She withdrew muttering, and I fastened Black Prince as securely as I could against the wall. Suddenly the door was opened, and stooping low, with my heavy riding-whip grasped firmly in my right hand, I stepped inside.
At first I could see nothing, but just as I was cautiously feeling in my pockets for a match, the red flames of a wood fire, which was smouldering on the hearth, leaped up and showed me the bare walls and miserable interior of the tumble-down hovel, showed me, too, the figure of a tall, evil-looking man grasping a thick cudgel in his hand, and peering through the gloom at me with a sort of threatening inquisitiveness.
"What d'ye want wi' me?" the man began, suspiciously. Then suddenly he dropped his cudgel and staggered back against the frail wall, with his arms stretched out as though to keep me off.
"God, it's Muster Herbert! It's Muster Herbert's ghost. What d'ye want? What d'ye want? What d'ye want here wi' me? Speak, can't you!" he cried out in a tone of hysterical dread.

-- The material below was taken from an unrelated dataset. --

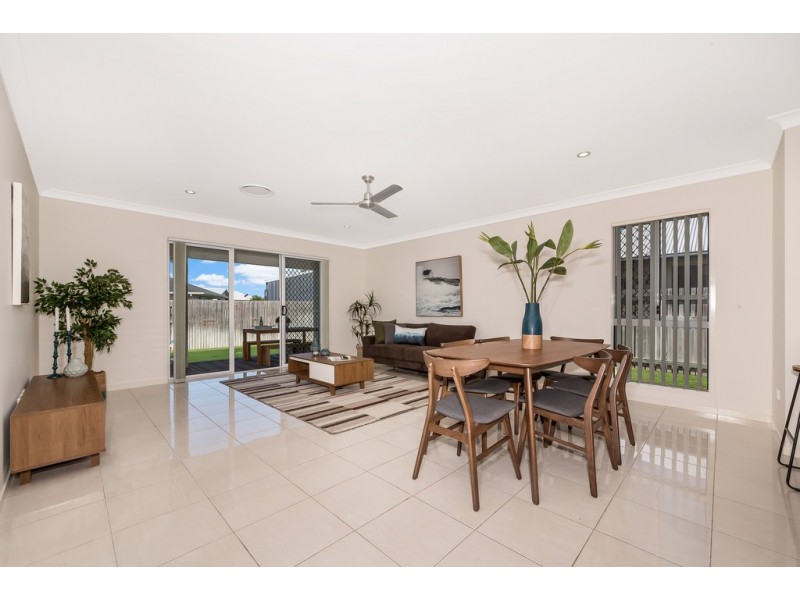 39 Summergold Street, Mount Low QLD 4818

"Don't be a fool, John Hilton," I said, contemptuously. "I am Hugh Devereux, son of the man against whom you swore a lie twenty-five years ago, and I have come here to ask you a few questions."
He kept his eyes fixed upon me in a sort of sullen fascinated stare.
"First tell me why you swore that lie? It was Rupert Devereux who made you."
The man's brute courage was returning to him slowly. He picked up his cudgel and began to beat the side of his legs with it.
"You know how to command, young sir," he said, sneeringly. "Suppose I say I won't answer your d—d questions?"
"I don't think you'll be so foolish," I said. "If you don't want to find yourself in gaol for poaching, before the week's out, you'll do exactly as I tell you."